Add the tempeh cubes, crushed peanuts, salt, and sugar. Stir for 3 minutes.
Garnish with spring onions and white sesame seeds.
Let it cool down.
Mix black vinegar with a spoonful of soy sauce, fresh red chili peppers, salt and sugar and mix well.
Add white sesame seeds.
Dip is ready.
Drain the lettuce leaves and form small cups out of them.
Add the sauteed tempeh mixture in between.
Roll it up and serve with dip.

Cooking time 20 minutes

Hello tempeh cubes 200 g
Corn flour 01 tsp
Hot garlic sauce 02 tsp
Soy sauce 03 tsp
Tomato ketchup 02 tsp
Green chili peppers 01 No.
Red, green, yellow pepper cubes 1/4 per teaspoon
Asparagus 02 No.
Salt to taste
Chopped garlic 02 tsp
Chopped ginger 03 tsp
White vinegar 1/4 tsp
Sugar 1/4 tsp
Chopped green onions 02 tsp
Cooked pasta 01 cup
Mushrooms 03 tsp
Bean sprouts 03 tsp

Unbox Hello Tempeh natural cubes
Marinate the tempeh cubes with soy sauce and salt.
Fry in a pan and set aside.
Other prep
Make a slurry of cornmeal and water and set aside.
Finely chop the spring onions.
Cubes of red, green, yellow pepper cubes. Just cut off the asparagus head.
Cut the mushrooms into slices
Boil the pasta and drain off the extra water
heat oil in a pan
Stir in chopped ginger and garlic and sauté for 03 minutes.
Add pepper cubes, sauté for another 03 minutes
Add tomato ketchup, hot garlic sauce and 2 teaspoons of soy sauce and cook for 2 minutes.
Now add the vinegar, spring onions, and sugar and toss in the sauteed tempeh and cornmeal slurry. Throw it for 2 minutes and keep hot.
For the pasta
Add hot oil in a pan and fry; Ginger garlic for 03 minutes
Add mushrooms, asparagus and bean sprouts and sauté for another 03 minutes
Stir in soy sauce, noodles and salt to taste
Fry for 05 minutes, serve in a Donburi bowl with marinated tempeh.
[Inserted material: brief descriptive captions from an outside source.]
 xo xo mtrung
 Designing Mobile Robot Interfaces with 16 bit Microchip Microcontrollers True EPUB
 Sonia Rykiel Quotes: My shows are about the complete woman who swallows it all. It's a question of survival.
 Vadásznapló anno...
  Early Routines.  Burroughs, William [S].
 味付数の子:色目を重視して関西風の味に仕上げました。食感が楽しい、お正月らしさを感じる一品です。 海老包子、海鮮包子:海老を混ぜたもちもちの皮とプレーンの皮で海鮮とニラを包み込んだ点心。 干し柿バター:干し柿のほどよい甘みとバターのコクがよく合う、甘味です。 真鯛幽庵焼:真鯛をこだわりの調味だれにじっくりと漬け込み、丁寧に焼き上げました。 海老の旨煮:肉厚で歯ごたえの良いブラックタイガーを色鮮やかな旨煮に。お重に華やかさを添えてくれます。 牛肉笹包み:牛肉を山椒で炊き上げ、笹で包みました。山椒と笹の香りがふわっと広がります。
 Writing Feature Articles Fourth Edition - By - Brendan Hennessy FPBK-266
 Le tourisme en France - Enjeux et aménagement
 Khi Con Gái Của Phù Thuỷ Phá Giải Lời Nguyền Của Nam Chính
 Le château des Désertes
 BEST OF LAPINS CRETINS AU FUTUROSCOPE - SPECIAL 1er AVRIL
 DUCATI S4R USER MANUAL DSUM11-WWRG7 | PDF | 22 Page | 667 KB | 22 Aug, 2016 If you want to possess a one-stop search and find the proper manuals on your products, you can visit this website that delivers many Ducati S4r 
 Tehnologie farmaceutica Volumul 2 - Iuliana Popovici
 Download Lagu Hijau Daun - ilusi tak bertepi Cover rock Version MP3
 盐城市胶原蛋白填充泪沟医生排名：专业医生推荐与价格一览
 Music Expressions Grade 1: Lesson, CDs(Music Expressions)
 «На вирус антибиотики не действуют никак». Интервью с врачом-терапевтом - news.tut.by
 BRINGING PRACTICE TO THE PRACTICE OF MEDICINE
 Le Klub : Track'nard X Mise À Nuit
About the author: Siddhartha Jadhav is a consultant cook at Vegolution. Formerly with the Taj Group, he has more than 20 years of experience and specialization in European, Indian, Chinese and cold cuisine. He is currently experimenting with the immense possibilities and researching uses for tempeh in both regional Indian and international cuisine.